Keller Williams ‘Controls’ Agents Who Made Illegal Spam Calls, Judge Rules


In a case that could have broader implications for nearly every large real estate company, a federal judge ruled earlier this week that Keller Williams as a franchisor can be held responsible for the actions of individual agents who made sales calls to individuals on “Do Not Call” registries. 

The ruling stems from a long-running class-action lawsuit, which Keller Williams settled for $40 million back in 2022, in which the company was accused of calling and texting 2 million people who had opted out of sales calls through a federal database. Admitting no wrongdoing, the company agreed to enhance compliance and training for agents along with the payment.

One plaintiff involved in that lawsuit, however, opted out of the settlement and chose to push forward with his lawsuit. James Havassy of Pennsylvania is asking a federal court to hold Keller Williams liable for a slew of marketing calls he received from local agents back in 2018.

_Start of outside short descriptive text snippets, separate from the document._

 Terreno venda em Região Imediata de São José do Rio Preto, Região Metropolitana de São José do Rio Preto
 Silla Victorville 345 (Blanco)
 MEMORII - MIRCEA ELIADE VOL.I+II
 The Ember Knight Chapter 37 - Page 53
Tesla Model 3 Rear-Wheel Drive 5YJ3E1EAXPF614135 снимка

Though the case is still at an early stage, Judge Timothy J. Savage agreed that the mega-brokerage exerts enough control over franchises and agents that Havassy can move forward with his claims against the company.

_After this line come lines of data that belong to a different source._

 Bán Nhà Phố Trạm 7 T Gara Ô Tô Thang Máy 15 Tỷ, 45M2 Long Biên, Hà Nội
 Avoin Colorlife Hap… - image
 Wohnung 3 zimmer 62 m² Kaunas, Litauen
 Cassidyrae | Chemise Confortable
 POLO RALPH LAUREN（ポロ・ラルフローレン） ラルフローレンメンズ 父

“That (Keller Williams) employees did not make the phone calls does not mean (Keller Williams) had no connection to them,” Savage wrote. “(Keller Williams) controls all advertising and marketing that the Keller Williams Bethlehem office and its agents, Houston and Hewitt, perform using (Keller Williams). Using the Keller Williams logo and the Keller Williams domain in their email addresses enhances (the company’s) brand and consequently its profits.”

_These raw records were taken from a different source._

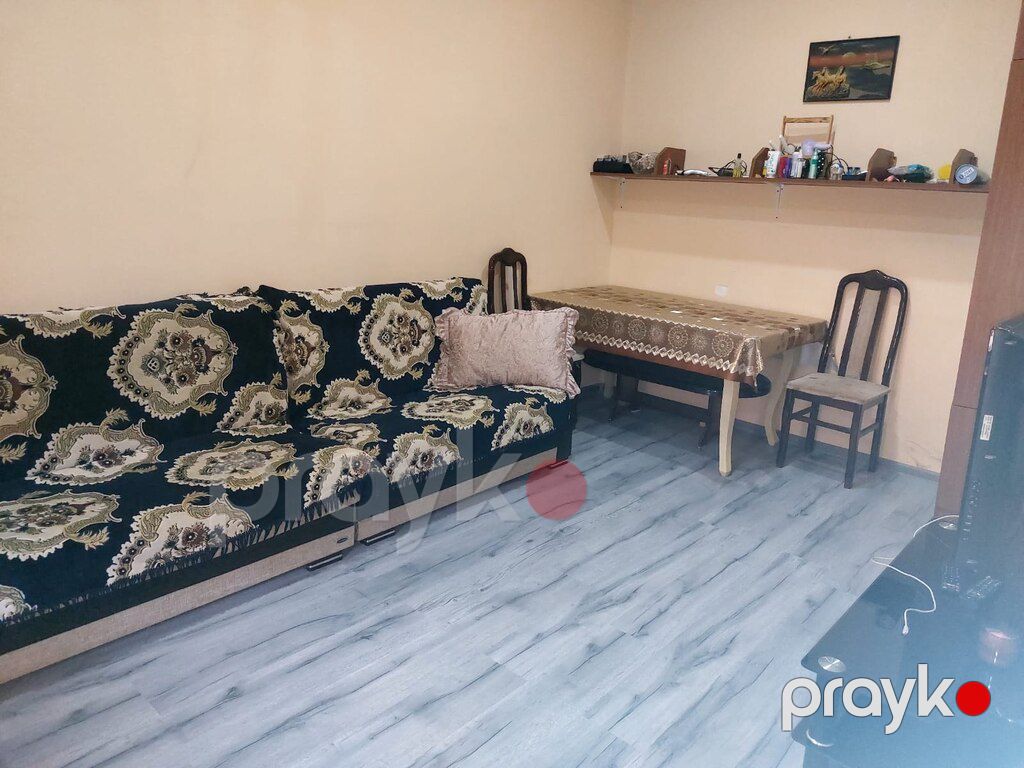 Bağ evi, Xəzər r — Ev, villa, Bakı (10)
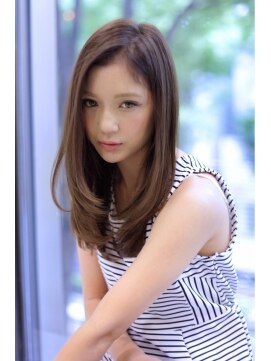 美容室 パルス 静岡鷹匠店(PALS) 静岡鷹匠　美容室パルス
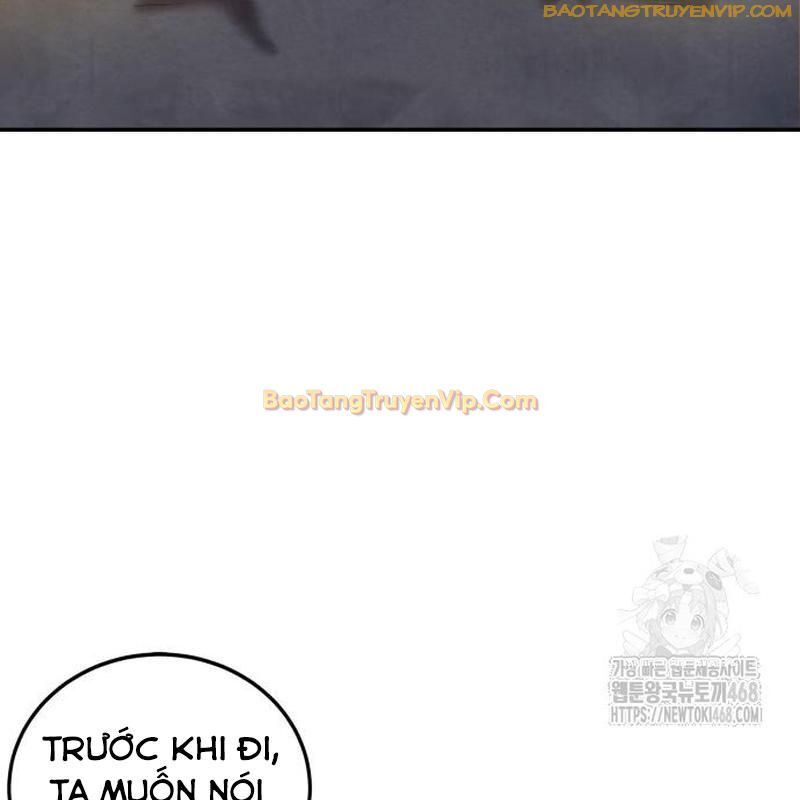 Tay Súng Chinh Phục Võ Lâm Chương 49 Ảnh 23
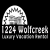 1224wolfcreek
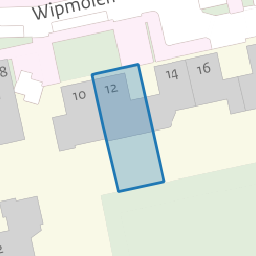 Perceel HML01-B-2398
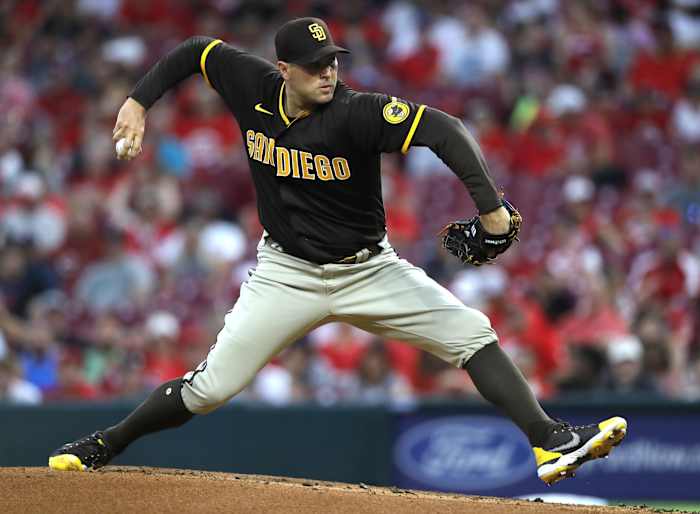 USATSI_16337903_168396005_lowres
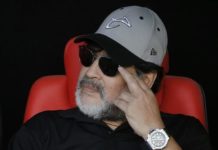 Autopsija potvrdila da Maradona nije uzimao drogu pred smrt autopsija-potvrdila-da-maradona-nije-uzimao-drogu-pred-smrt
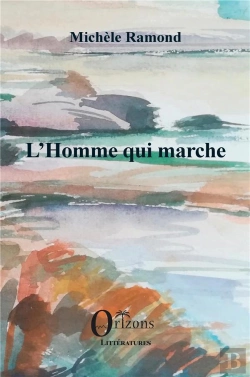 Bertrand.pt - L'Homme Qui Marche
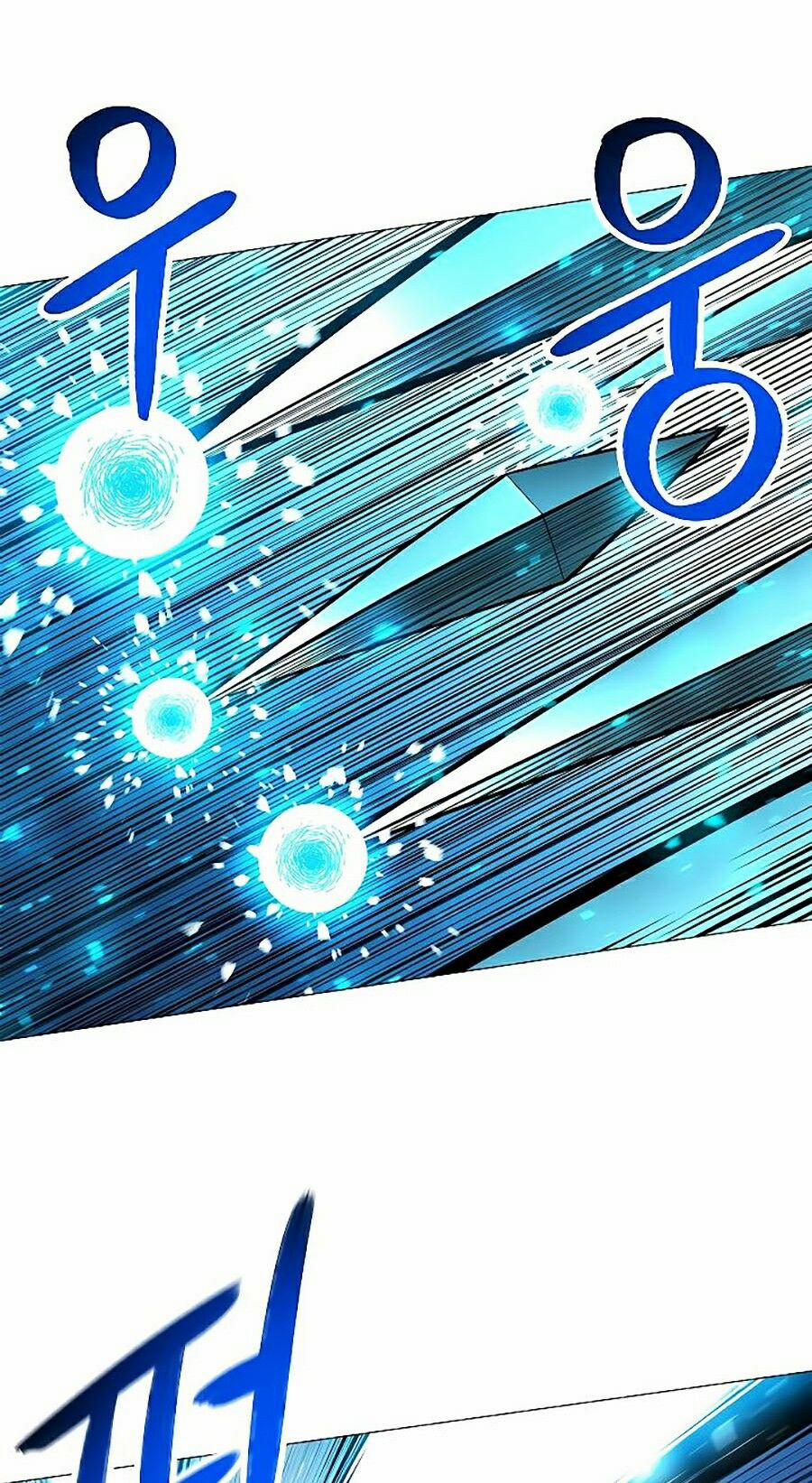 Người Nâng Cấp 31 trang 11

Whether other franchisors could be swept up by the ruling remains unclear. The judge’s opinion is also limited to jurisdiction, and it is also unclear if the same reasoning will apply later in the case or on other legal issues.

In a statement, Keller Williams spokesperson Darryl Frost continued to argue the company should not be a party to the lawsuit, based on the underlying facts.

“Keller Williams had no involvement in the alleged calls at the heart of this lawsuit, and as such, we don’t believe the plaintiff has grounds to bring a lawsuit against Keller Williams,” he told RISMedia. “This is still an early stage of the legal process, and we are confident in our defense once we have the opportunity to present it.”

The case itself is nothing like the larger class-action telemarketing lawsuit, either in scope or profile. Havassy previously settled state-level claims against some of the agents involved in making sales calls for $679.75 (with $678.75 for attorneys’ fees, and $1 in damages).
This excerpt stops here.